The Mexican axolotl (Ambystoma mexicanum) is a critically endangered species and a fruitful amphibian model for regenerative biology. Despite growing body of research on the cellular and molecular biology of axolotl limb regeneration, microbiological aspects of this process remain poorly understood. Here, we describe bacterial 16S rRNA amplicon dataset derived from axolotl limb tissue samples in the course of limb regeneration. The raw data was obtained by sequencing V3–V4 region of 16S rRNA gene and comprised 14,569,756 paired-end raw reads generated from 21 samples. Initial data analysis using DADA2 pipeline resulted in amplicon sequence variant (ASV) table containing a total of ca. 5.9 million chimera-removed, high-quality reads and a median of 296,971 reads per sample. The data constitute a useful resource for the research on the microbiological aspects of axolotl limb regeneration and will also broadly facilitate comparative studies in the developmental and conservation biology of this critically endangered species.

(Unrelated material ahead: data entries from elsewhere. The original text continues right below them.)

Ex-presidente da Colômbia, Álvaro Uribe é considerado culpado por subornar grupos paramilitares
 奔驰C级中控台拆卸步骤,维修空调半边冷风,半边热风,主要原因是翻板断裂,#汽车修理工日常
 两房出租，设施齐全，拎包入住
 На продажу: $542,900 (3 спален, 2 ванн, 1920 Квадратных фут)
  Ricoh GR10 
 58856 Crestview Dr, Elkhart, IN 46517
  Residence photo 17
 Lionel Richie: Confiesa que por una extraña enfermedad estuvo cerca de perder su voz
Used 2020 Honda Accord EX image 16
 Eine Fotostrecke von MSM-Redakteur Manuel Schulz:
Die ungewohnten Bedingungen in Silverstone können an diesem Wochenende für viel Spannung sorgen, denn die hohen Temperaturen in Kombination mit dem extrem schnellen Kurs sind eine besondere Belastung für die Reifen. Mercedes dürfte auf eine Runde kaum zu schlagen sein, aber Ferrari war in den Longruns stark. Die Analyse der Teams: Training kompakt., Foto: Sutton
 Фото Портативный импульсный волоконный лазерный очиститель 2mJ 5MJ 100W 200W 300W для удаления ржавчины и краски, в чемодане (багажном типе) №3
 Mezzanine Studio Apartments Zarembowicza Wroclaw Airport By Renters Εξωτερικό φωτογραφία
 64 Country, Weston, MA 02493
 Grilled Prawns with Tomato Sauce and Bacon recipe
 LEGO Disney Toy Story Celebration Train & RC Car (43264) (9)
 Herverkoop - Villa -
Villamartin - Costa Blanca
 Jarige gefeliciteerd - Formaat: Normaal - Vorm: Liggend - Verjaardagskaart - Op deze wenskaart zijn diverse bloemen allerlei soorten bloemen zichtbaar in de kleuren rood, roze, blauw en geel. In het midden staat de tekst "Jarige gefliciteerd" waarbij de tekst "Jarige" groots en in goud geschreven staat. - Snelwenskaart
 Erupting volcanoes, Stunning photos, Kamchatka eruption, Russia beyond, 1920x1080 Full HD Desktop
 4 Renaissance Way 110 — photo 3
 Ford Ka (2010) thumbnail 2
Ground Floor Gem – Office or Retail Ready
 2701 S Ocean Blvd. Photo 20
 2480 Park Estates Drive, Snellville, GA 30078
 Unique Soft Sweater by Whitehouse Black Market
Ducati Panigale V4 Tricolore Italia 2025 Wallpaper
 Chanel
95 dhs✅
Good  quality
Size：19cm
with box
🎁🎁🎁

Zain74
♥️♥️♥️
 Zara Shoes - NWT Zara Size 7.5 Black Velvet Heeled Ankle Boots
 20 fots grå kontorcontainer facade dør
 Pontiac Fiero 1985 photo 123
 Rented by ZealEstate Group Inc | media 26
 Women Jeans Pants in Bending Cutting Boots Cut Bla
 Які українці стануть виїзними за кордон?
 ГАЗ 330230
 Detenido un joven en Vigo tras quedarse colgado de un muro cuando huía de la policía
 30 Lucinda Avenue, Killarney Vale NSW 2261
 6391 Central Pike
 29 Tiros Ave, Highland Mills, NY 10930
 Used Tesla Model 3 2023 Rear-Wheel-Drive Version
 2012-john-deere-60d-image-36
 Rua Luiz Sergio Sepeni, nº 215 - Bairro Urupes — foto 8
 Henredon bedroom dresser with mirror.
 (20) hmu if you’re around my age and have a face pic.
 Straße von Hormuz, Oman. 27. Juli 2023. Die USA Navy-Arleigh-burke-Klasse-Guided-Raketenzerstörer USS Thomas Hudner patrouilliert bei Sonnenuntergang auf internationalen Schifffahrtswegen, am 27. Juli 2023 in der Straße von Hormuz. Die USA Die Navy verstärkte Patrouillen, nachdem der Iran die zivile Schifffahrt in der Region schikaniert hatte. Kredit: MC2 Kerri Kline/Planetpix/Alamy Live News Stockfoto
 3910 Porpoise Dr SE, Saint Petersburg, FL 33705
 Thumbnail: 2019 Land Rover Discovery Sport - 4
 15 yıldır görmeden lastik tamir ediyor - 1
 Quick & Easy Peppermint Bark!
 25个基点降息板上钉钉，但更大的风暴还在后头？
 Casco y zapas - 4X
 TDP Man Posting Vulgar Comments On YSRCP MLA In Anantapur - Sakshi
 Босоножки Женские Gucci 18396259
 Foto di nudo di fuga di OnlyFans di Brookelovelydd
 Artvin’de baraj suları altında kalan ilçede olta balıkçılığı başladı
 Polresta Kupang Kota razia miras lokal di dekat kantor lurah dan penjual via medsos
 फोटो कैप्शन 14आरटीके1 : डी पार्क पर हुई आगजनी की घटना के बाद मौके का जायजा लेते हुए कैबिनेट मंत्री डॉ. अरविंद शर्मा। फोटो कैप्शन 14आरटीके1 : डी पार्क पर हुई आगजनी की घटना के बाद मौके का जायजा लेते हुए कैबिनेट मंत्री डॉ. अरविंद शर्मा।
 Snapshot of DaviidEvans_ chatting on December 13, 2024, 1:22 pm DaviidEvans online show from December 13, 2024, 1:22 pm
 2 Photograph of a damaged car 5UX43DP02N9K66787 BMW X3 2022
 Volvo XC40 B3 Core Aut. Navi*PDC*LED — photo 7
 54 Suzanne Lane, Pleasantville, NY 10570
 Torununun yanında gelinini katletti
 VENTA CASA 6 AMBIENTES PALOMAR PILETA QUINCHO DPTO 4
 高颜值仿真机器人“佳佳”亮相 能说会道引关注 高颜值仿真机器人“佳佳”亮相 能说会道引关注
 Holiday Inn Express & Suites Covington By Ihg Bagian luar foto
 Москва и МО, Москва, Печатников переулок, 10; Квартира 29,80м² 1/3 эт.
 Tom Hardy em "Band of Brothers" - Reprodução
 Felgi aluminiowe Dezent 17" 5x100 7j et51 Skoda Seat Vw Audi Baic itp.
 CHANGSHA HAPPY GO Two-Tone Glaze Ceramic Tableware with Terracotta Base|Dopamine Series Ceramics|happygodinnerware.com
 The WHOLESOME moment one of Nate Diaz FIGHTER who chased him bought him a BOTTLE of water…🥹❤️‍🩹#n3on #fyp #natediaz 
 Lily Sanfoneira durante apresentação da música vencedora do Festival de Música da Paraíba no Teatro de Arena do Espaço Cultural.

|Design Type(s)||time series design • organism development design|
|Measurement Type(s)||rRNA 16S|
|Technology Type(s)||DNA sequencing|
|Factor Type(s)||biological replicate • temporal_interval|
|Sample Characteristic(s)||Ambystoma mexicanum • limb • laboratory environment|
Machine-accessible metadata file describing the reported data (ISA-Tab format)
Background & Summary
Urodele amphibians are promising vertebrate model organisms to study regeneration due to their astonishing capacity of tissue repair and renewal. Of these amphibians, Mexican axolotl (Ambystoma mexicanum), a critically endangered species1, is one of the few adult animals capable of complete and functional regeneration of missing body parts throughout its life2. Axolotl can regenerate their extremities including limbs3, tail4, brain5, spinal cord6 and internal organs7 during larval and adult stages. Despite growing publicly available resources for cellular and molecular research on axolotl regeneration8,9 (e.g. transcriptome3,10,11,12,13,14, proteome15,16, and genome data17), the axolotl microbiome data remain scarcely available, which hinders comprehensive interpretation of the accumulating data in this field. As an initial effort to bridge this knowledge gap, we recently reported first multi-organ microbiome profile of axolotl at neotenic and metamorphic stages18. However, longitudinal profiling of microbial communities in the course of axolotl limb regeneration has not been reported before. Here, we describe bacterial 16S rRNA amplicon datasets derived from axolotl limb tissue samples in the course of limb regeneration.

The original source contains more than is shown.